José Anthony Torres

Personal information
- Full name: José Mario Anthony Torres
- Date of birth: 27 August 1972 (age 53)
- Place of birth: El Porvenir, Panama
- Height: 1.78 m (5 ft 10 in)
- Position: defender

Senior career*
- Years: Team / Apps / (Gls)
- 1996–2003: Platense
- 2003: Real España
- 2004–2005: Marathón
- 2005–2006: Persepolis / 1 / (0)
- 2006–2007: Victoria
- 2007–2008: Arsenal
- 2008: Deportivo Sanarate F.C.
- 2009: C.D. Guastatoya
- 2010: Sporting San Miguelito / 27 / (1)

International career
- 1999–2009: Panama / 75 / (0)

Managerial career
- 2012–2019: Sporting San Miguelito

= José Anthony Torres =

Panamanian footballer and manager (born 1972)

José Mario Anthony Torres (born 27 August 1972) is a Panamanian former football defender. He was nicknamed “El caballo de hierro” (the iron horse) because of tackling capabilities.

==Club career==
Nicknamed Chalate, Torres has had a lengthy career abroad playing for Honduran sides like Platense and Arsenal Roatán. He left Platense after seven years for Real España in summer 2003.

In January 2004 he left Real España after he refused to take up Honduran citizenship which the club asked him to bypass the foreign player quota. He then joined fellow Panamanian Donaldo González at Marathón and he moved to Iran to play alongside compatriot Carlos Rivera with local giants Persepolis.

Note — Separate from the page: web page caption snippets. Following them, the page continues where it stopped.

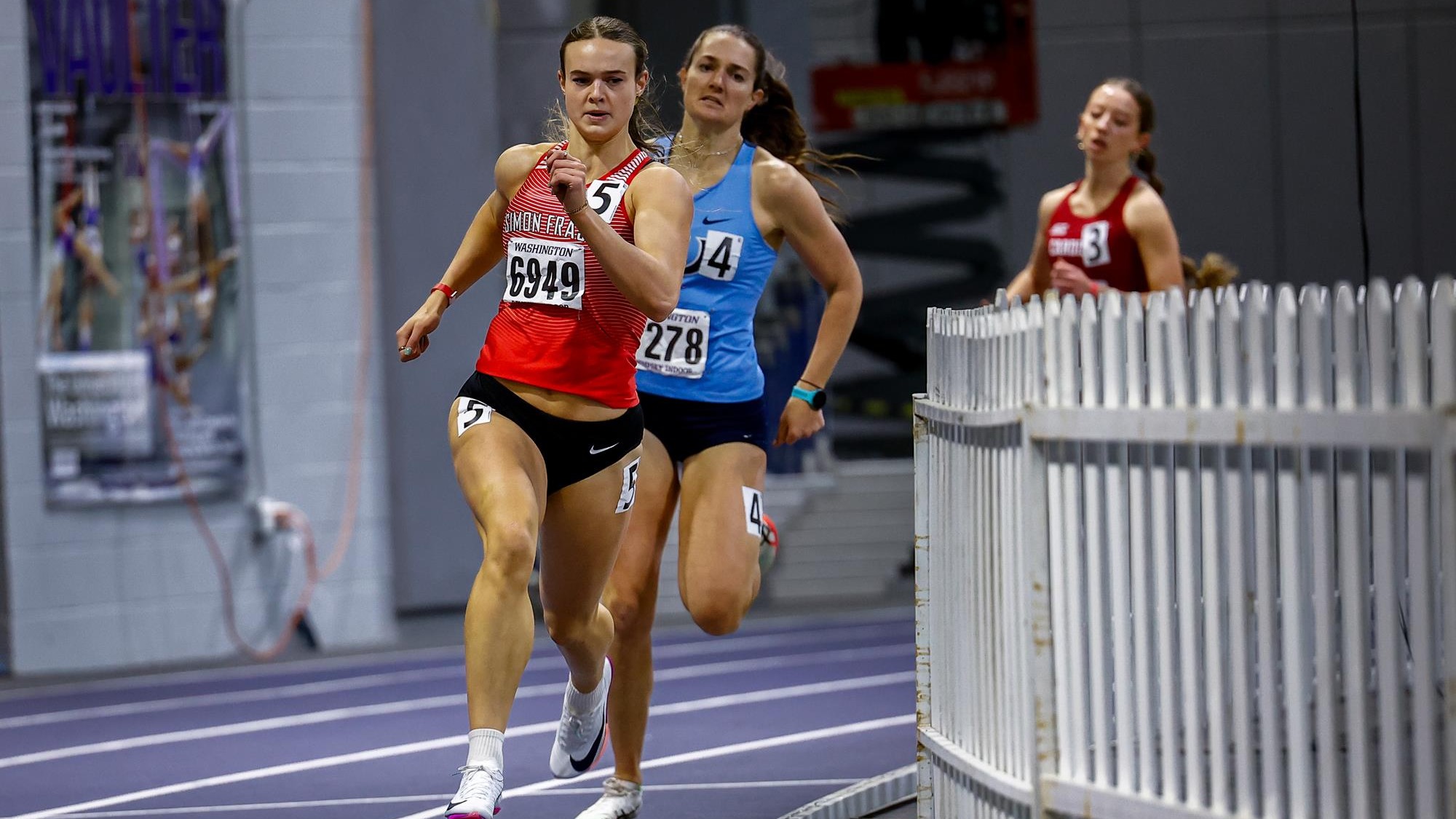 Emma Cannan running around the indoor track ahead of a competitor.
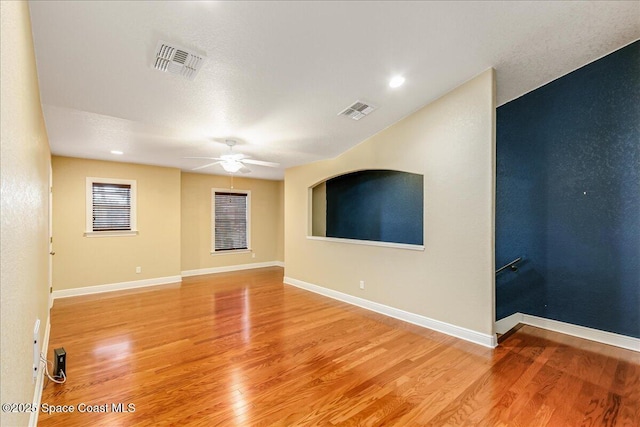 1390 Isabella Dr Unit 106, Melbourne, FL 32935 - empty room with a ceiling fan, light wood-type flooring, and recessed lighting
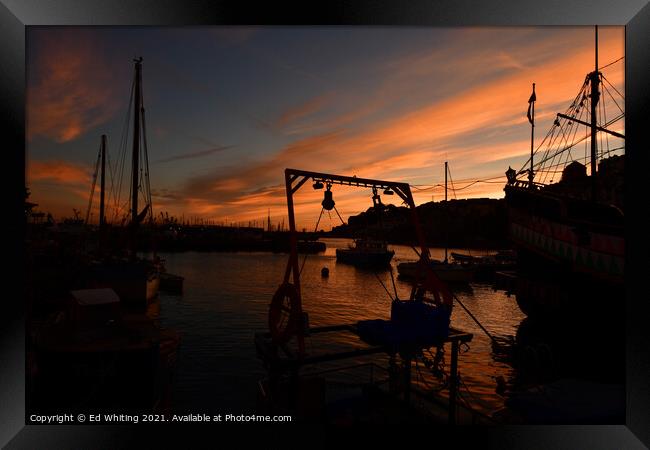Brixham Harbour at sunset. Framed Print by Ed Whiting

In January 2007, Torres returned to Honduras to play for Victoria after an unsuccessful spell with Persepolis. Later, he played in Guatemala for second division sides Deportivo Sanarate F.C. and C.D. Guastatoya. He returned to Panama in January 2010 after 14 years abroad when signed by Sporting San Miguelito.

==International career==
Torres made his debut for Panama in an October 1999 friendly match against Trinidad and Tobago and has earned a total of 75 caps, scoring no goals. He represented his country in 23 FIFA World Cup qualification matches and was a member of the 2005 CONCACAF Gold Cup team, who finished second in the tournament and he also played at the 2009 CONCACAF Gold Cup.

His final international was a June 2009 friendly match against Haiti.

==Honours and awards==

===Club===
- C.D. Platense
- Liga Nacional de Fútbol Profesional de Honduras (1): 2000–01
- Honduran Cup (2): 1996, 1997

- C.D. Marathón
- Liga Nacional de Fútbol Profesional de Honduras (1): 2004–05
Panama

- CONCACAF Gold Cup runner-up: 2005

==Managerial career==
Anthony Torres was appointed manager of Sporting San Miguelito in September 2012 and immediately won the club's first league title in 2013.